-- Material provided follows --
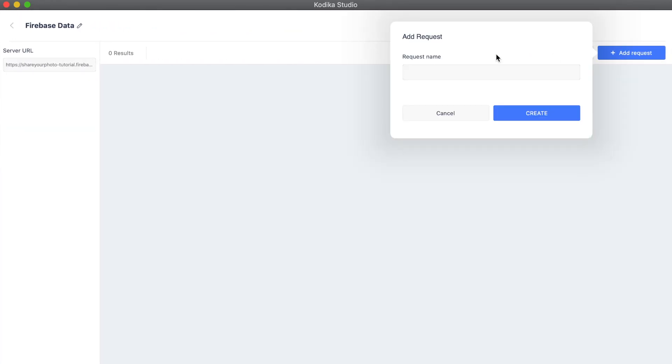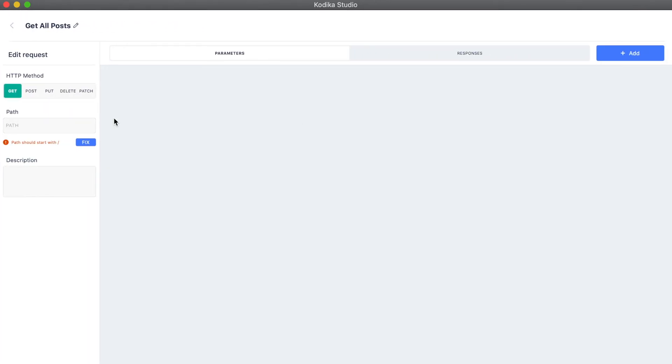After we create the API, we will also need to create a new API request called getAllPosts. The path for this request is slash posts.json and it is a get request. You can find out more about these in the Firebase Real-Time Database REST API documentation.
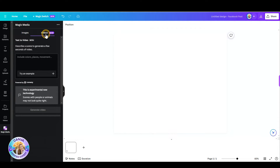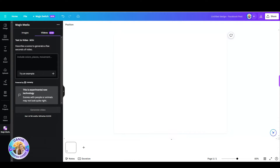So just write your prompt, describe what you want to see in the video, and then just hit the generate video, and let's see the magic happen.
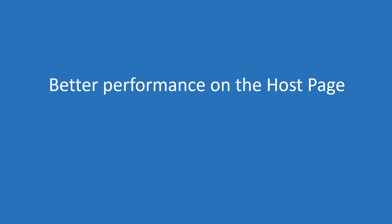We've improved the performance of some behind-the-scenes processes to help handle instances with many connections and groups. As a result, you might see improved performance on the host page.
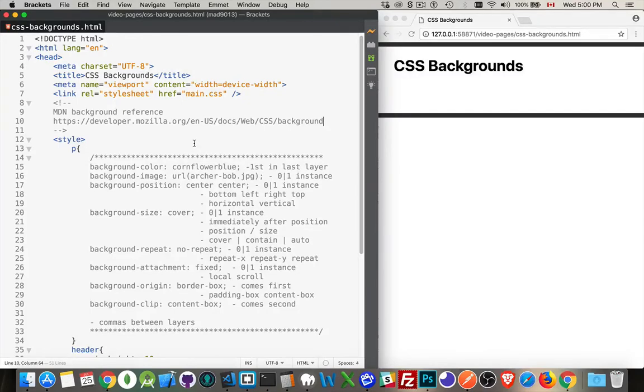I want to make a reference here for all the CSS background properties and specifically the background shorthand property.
-- Material provided concluded --
-- Material provided follows --
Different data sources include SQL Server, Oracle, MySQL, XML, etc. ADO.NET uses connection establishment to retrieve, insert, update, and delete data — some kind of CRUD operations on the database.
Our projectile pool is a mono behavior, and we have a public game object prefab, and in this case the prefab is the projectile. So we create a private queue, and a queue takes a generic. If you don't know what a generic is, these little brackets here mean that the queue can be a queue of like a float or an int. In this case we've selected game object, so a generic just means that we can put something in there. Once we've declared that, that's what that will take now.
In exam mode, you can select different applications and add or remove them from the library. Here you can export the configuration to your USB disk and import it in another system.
-- Material provided concluded --
-- Material provided follows --
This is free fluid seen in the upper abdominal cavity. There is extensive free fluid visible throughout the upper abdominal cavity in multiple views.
-- Material provided concluded --
*What is expected:*
In the entries above, which lines run from the one with "After we create" up to and including the one with "I want to make"? Write them out exactly, without the pictures.

*Answer space:*
After we create the API, we will also need to create a new API request called getAllPosts. The path for this request is slash posts.json and it is a get request. You can find out more about these in the Firebase Real-Time Database REST API documentation.
So just write your prompt, describe what you want to see in the video, and then just hit the generate video, and let's see the magic happen.
We've improved the performance of some behind-the-scenes processes to help handle instances with many connections and groups. As a result, you might see improved performance on the host page.
I want to make a reference here for all the CSS background properties and specifically the background shorthand property.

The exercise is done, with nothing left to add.